The SP230SS uses a silicon photovoltaic detector mounted in a cosine-corrected head to provide solar radiation measurements. It is calibrated against a Kipp & Zonen CM21 thermopile pyranometer to accurately measure sun plus sky radiation for the spectral range of 360 to 1120 nm. The SP230SS outputs a millivolt signal that Campbell Scientific data loggers can measure.
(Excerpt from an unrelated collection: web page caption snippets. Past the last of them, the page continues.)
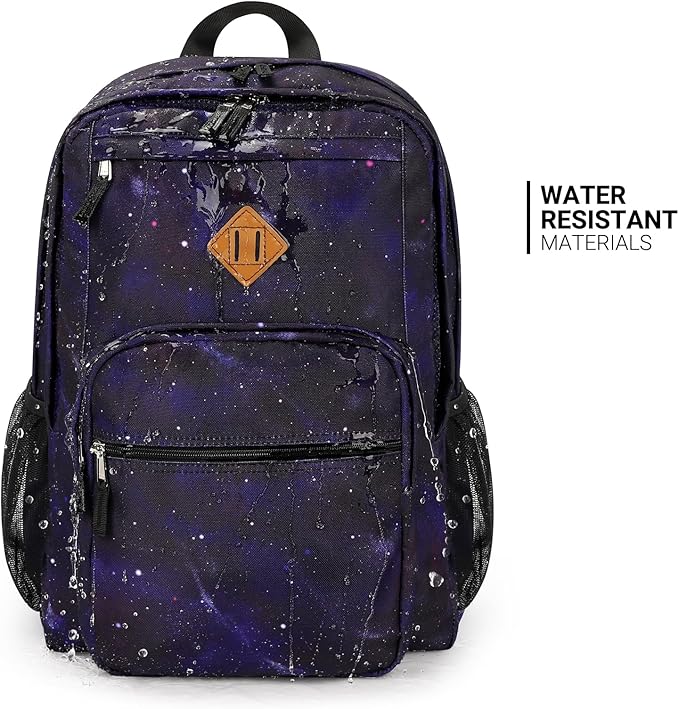 ZORFIN 26L Backpack for College, and Travel: Water Resistant Bookbag - Night Sky
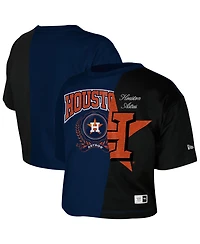 New Era Women's Houston Astros Color Block Boxy Cropped T-Shirt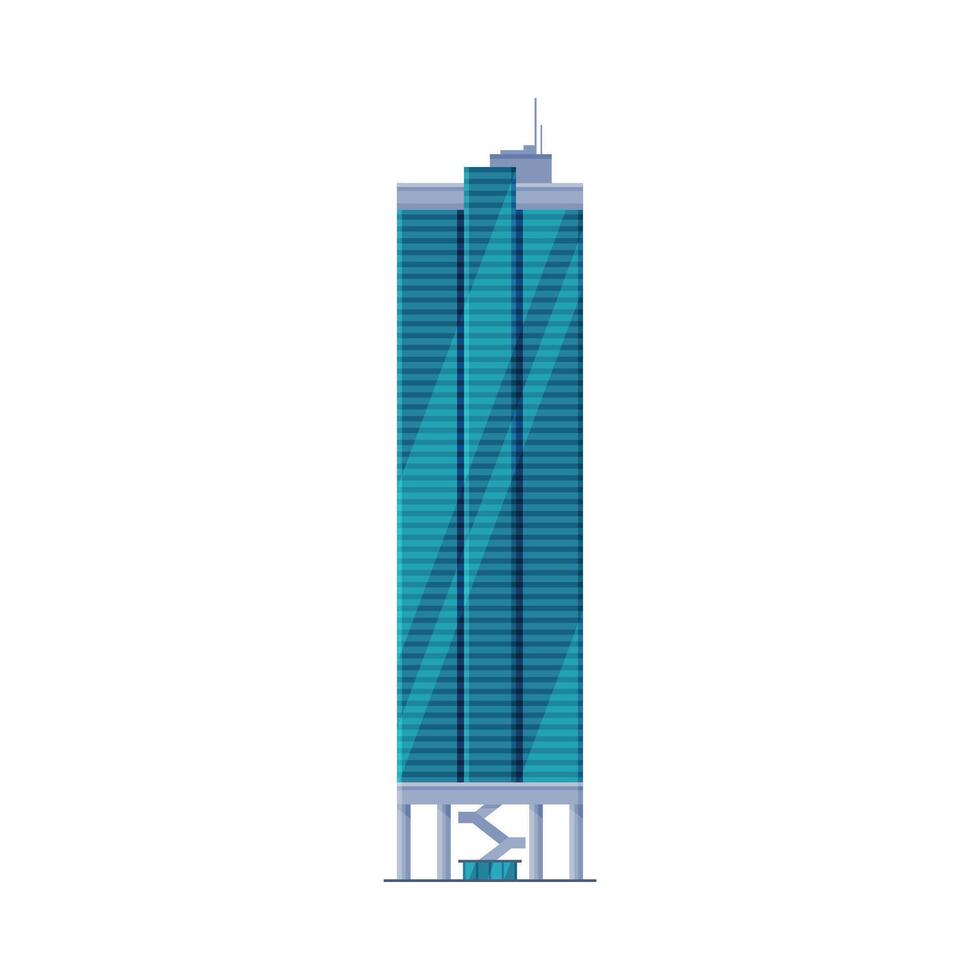 Downtown Skyscraper, Modern City Business Building Facade Illustration vector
Note: Sensors calibrated to the 360 to 1120 nm spectral range should not be used under vegetation or artificial lights.

Specifications

Sensor Silicon photovoltaic detector mounted in a cosine-corrected head
Measurement Description Measures sun plus sky radiation
ISO Classification Class C (second class)
Spectral Range 360 to 1120 nm (wavelengths where response is 10% of maximum)
Measurement Range 0 to 1750 W/m2 (full sunlight ≈1000 W/m2)
Heater 780 Ω, 15.4 mA current drain, 185 mW power at 12 Vdc
Absolute Accuracy ±5% for daily total radiation
Sensitivity 0.2 mV/W/m2
Calibration Factor 5 W/m2/mV
Cosine Response ±5% at 75° zenith angle; ±1% at 45° zenith angle
Temperature Response -0.04 ±0.04% per °C
Long-Term Stability < 2% per year
Operating Temperature Range -40° to +70°C
Relative Humidity Range 0 to 100%
Compliance with Standards
  • 2011/65/EU RoHS Directive
  • 2015/863/EU RoHS Phthalates Amendment
Diameter 3.15 cm (1.24 in.)
Height 12.75 cm (5.02 in.)
Weight 142.0 g (5.01 oz) with 2 m (6.56 ft) cable

Compatibility

Mounting

Accurate measurements require the sensor to be leveled using a 18356 leveling fixture. This leveling fixture incorporates a bubble level and three adjusting screws. The 18356 mounts to a crossarm using the CM225 mounting stand. The SP230SS should be mounted away from all obstructions and reflective surfaces that might adversely affect the measurement.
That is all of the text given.